Work instructions.
Everything from the line with "this 400×300 image." to the last line of the listing must be retyped exactly, both ends included, with the pictures dropped.

Input records.
Segment Open
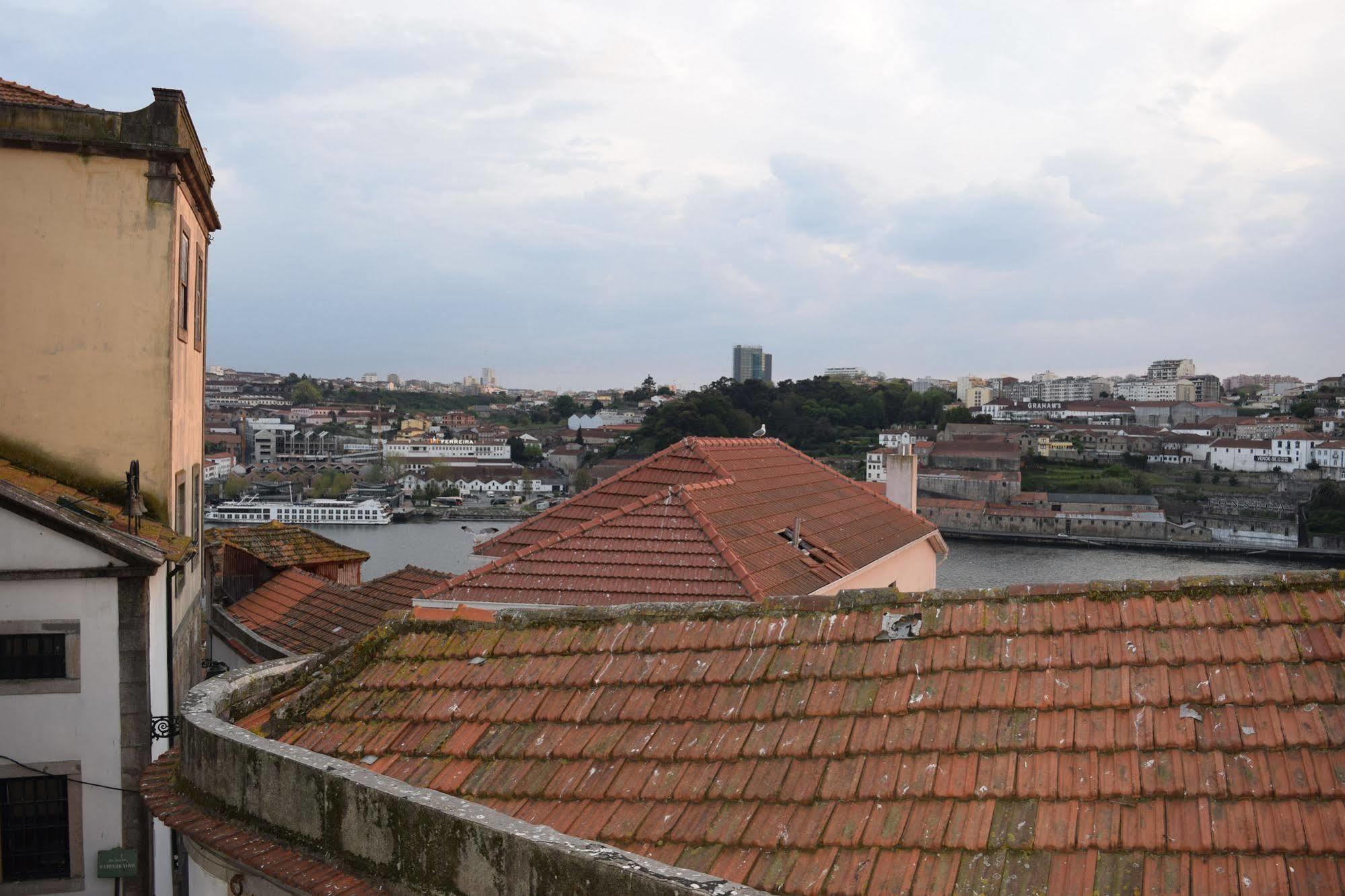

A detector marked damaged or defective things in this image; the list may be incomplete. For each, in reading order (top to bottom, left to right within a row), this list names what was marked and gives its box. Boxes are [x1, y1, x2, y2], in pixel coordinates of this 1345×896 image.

damaged roof section [275, 573, 1345, 893]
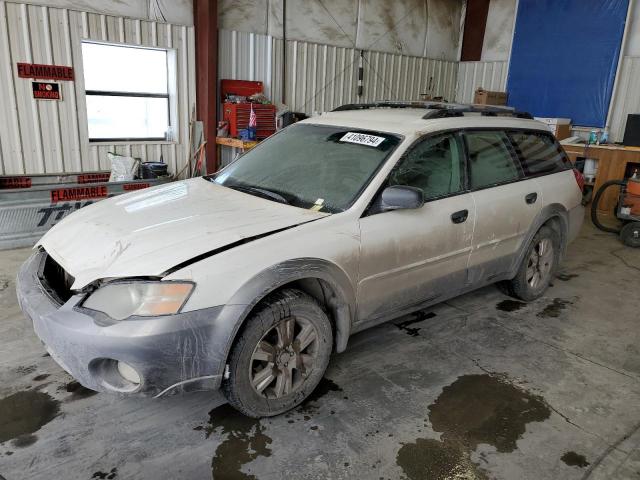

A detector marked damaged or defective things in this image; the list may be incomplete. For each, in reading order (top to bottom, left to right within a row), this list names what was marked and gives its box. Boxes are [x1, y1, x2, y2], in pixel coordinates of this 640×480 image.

damaged front bumper [15, 251, 240, 398]
broken headlight [82, 282, 192, 318]
dent on car door [358, 133, 472, 324]
dent on car door [462, 130, 544, 284]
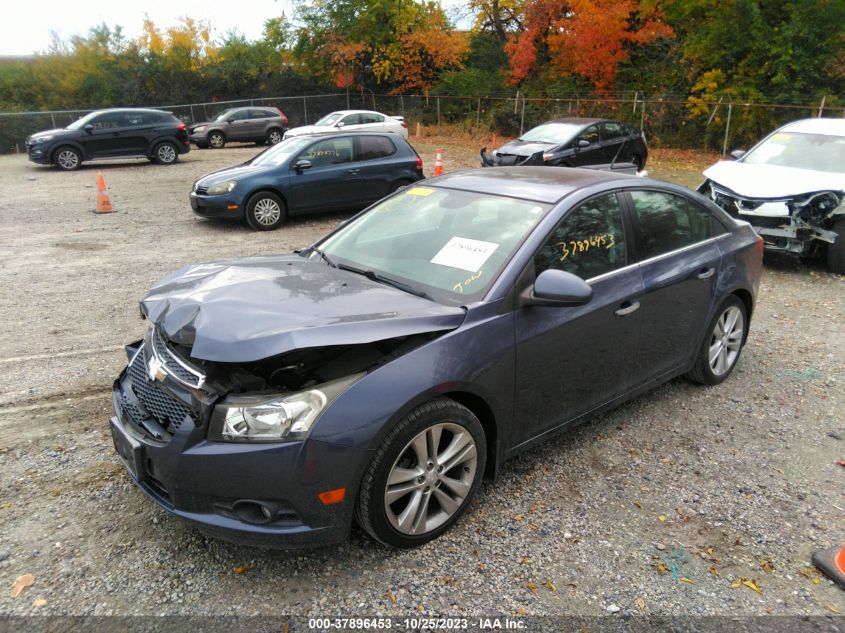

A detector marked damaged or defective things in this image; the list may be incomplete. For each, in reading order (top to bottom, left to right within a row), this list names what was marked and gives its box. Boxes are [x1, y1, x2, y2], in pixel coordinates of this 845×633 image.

partially visible damaged car [482, 117, 648, 173]
partially visible damaged car [700, 118, 844, 272]
front-end collision damage [700, 179, 844, 253]
damaged chevrolet cruze [109, 168, 760, 548]
partially visible damaged car [109, 168, 760, 548]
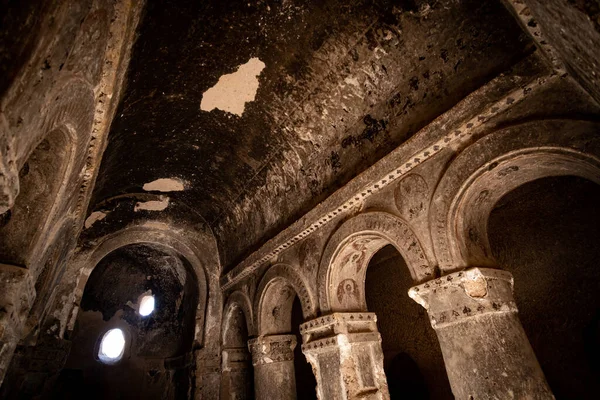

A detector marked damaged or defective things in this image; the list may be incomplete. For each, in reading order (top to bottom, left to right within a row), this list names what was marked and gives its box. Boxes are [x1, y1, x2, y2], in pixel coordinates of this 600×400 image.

peeling plaster [199, 57, 264, 117]
peeling plaster [84, 209, 107, 228]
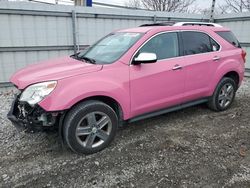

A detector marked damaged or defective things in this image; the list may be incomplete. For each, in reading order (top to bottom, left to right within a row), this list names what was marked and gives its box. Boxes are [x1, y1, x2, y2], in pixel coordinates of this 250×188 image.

damaged front bumper [6, 93, 60, 131]
crumpled front end [7, 91, 61, 131]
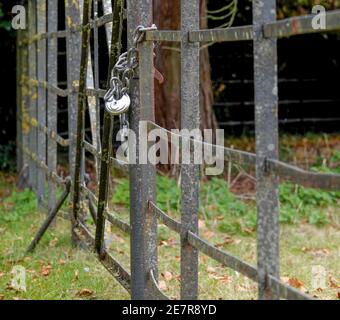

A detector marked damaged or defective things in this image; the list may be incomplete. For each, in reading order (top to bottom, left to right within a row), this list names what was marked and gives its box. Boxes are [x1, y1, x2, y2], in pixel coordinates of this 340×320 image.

rusty metal bar [190, 25, 254, 42]
rusty metal bar [266, 9, 340, 38]
rusty metal bar [129, 0, 158, 300]
rusty metal bar [179, 0, 201, 300]
rusty metal bar [254, 0, 280, 300]
rusty metal bar [266, 159, 340, 191]
rusty metal bar [148, 202, 181, 232]
rusty metal bar [75, 222, 131, 292]
rusty metal bar [186, 231, 258, 282]
rusty metal bar [268, 276, 314, 300]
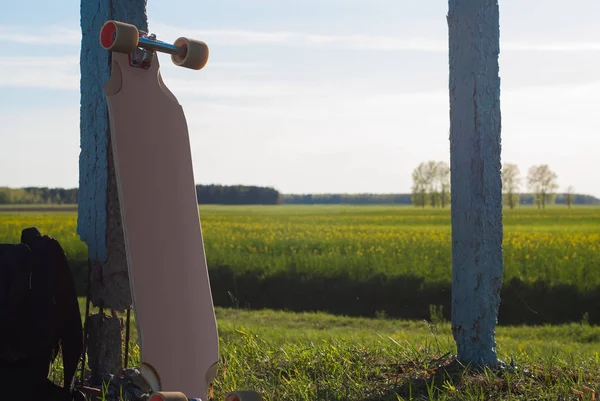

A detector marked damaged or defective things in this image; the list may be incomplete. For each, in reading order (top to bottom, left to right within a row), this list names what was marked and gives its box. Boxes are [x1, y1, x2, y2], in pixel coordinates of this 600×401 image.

peeling paint on pole [448, 0, 504, 366]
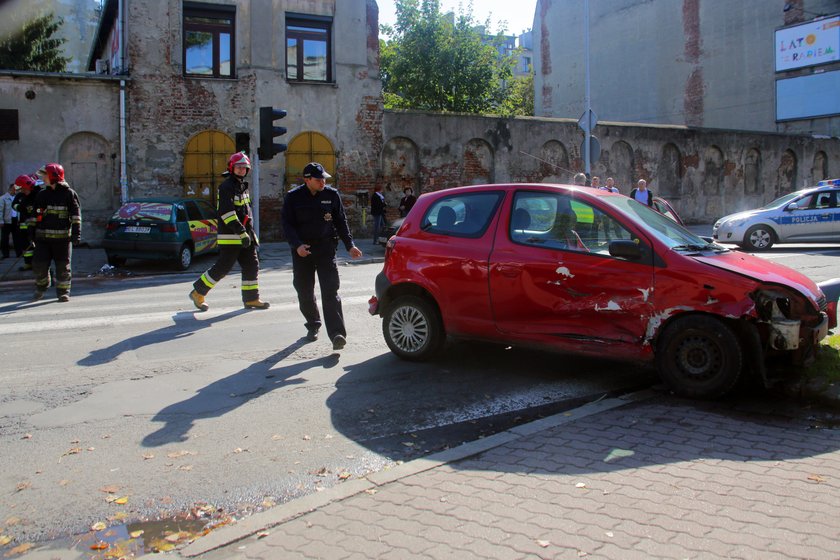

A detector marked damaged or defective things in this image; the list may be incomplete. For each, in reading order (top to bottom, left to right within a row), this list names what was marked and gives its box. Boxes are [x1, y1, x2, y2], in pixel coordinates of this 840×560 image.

peeling plaster wall [536, 0, 836, 136]
red damaged car [370, 184, 836, 398]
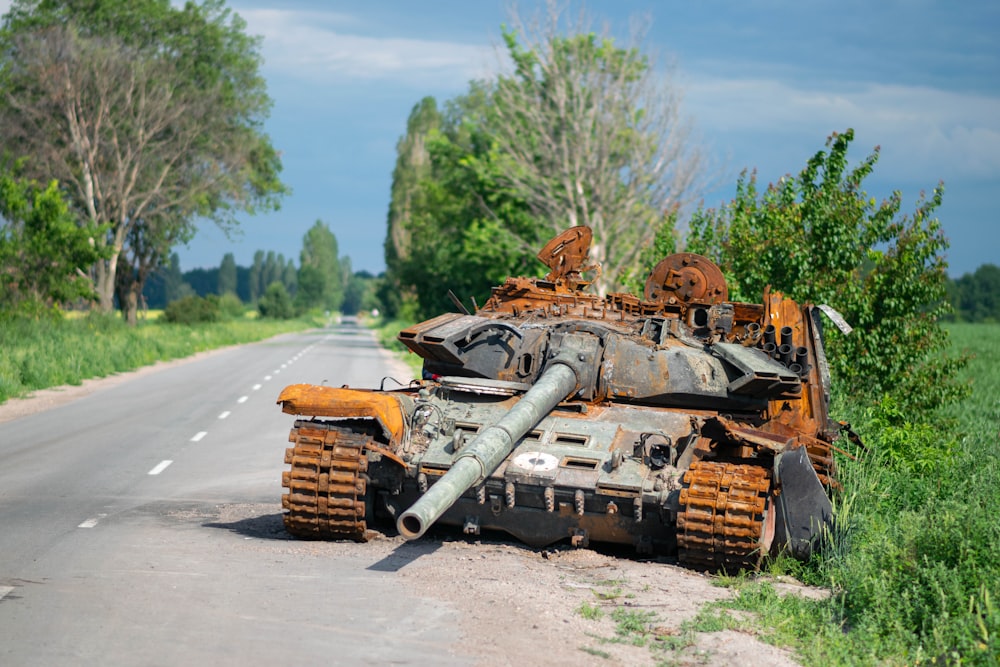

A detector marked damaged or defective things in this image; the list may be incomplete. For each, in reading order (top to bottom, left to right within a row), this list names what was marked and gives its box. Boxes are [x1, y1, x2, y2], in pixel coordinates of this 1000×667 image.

rusted tank [278, 227, 848, 572]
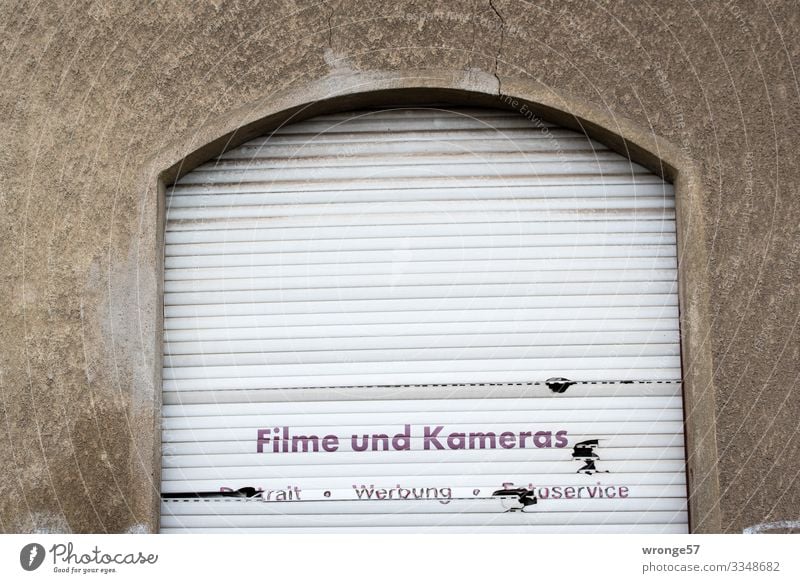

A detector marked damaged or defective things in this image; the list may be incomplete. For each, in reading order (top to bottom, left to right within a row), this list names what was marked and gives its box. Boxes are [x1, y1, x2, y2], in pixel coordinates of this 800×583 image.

rusty metal shutter [161, 108, 688, 532]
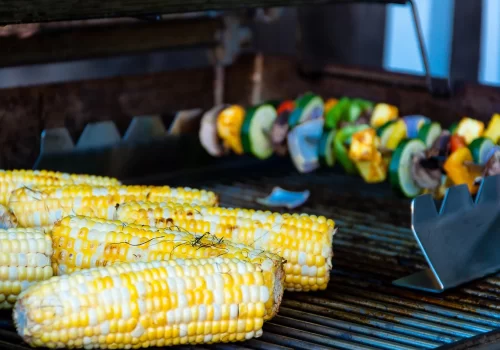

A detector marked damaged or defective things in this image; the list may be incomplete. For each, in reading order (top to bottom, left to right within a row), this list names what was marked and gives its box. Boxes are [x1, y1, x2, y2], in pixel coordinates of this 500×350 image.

rusty metal surface [0, 169, 500, 348]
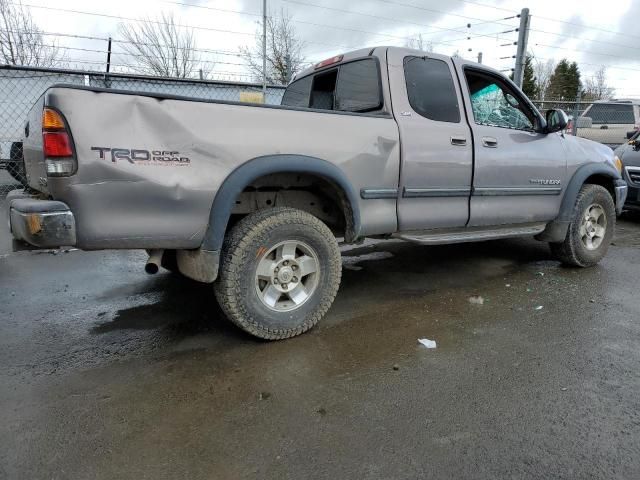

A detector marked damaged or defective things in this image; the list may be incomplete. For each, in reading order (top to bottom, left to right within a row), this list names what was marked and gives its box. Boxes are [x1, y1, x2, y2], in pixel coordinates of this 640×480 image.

dent in body panel [41, 86, 400, 249]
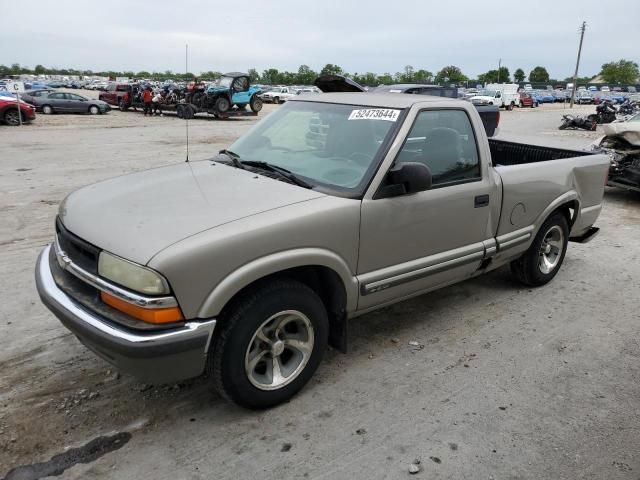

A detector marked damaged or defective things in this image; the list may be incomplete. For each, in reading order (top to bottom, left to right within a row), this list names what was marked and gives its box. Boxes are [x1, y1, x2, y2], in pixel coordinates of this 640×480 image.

damaged vehicle [36, 91, 608, 408]
damaged vehicle [592, 113, 640, 192]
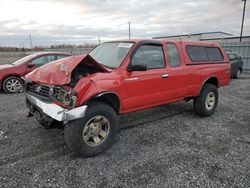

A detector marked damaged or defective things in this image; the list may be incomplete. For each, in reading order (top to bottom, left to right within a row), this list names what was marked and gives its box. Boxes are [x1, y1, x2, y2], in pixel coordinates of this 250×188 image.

crumpled hood [25, 54, 110, 85]
broken headlight [50, 86, 77, 107]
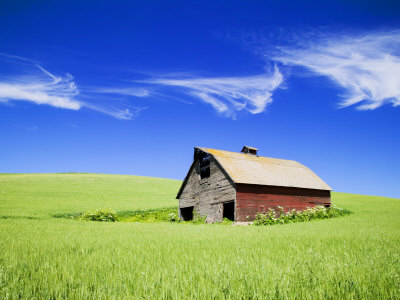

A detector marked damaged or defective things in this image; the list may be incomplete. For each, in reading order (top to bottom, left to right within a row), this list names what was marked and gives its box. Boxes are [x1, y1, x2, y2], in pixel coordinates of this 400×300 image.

rusty metal roof [196, 147, 332, 190]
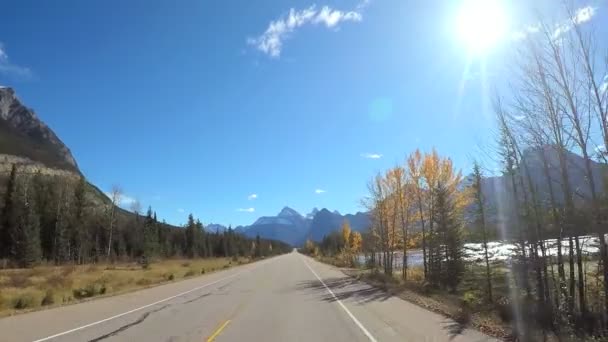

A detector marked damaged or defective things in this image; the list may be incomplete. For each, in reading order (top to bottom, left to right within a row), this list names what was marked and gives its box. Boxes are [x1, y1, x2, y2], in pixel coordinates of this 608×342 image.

road surface crack [88, 304, 170, 340]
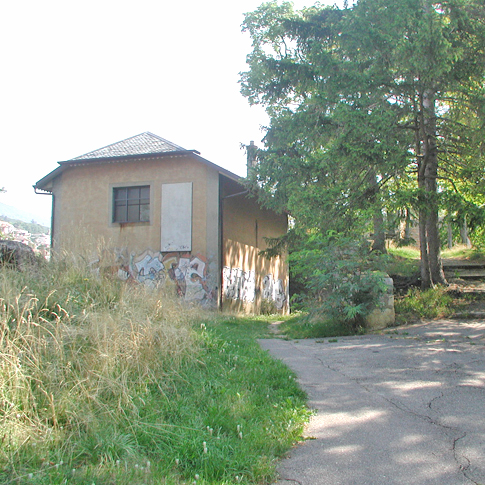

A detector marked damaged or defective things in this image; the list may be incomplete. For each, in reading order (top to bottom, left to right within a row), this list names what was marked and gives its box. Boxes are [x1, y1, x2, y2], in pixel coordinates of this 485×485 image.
Segment Closed
Response below.
A detector marked damaged or defective things in this image; the list may be incomplete. For each, in reading order (top to bottom, left to right within a row), this list names what was marked and gives its box. Boxes are [x1, y1, x2, y2], in pixel coordinates of this 400×300 image.

rusty metal roof [196, 147, 332, 190]

A detector marked damaged or defective things in this image; the list may be incomplete. For each, in reading order (top to bottom, left to right within a row), this list names what was marked and gives its box. Boxes are [x1, y1, x2, y2], in pixel coordinates of this 608×342 image.

road surface crack [88, 304, 170, 340]

A detector marked damaged or defective things in this image; the list may be incomplete. For each, in reading order (top to bottom, left to right within a row), this list names what was marked and gives its box. Boxes are [x1, y1, x2, y2], in pixel coordinates of this 485×485 image.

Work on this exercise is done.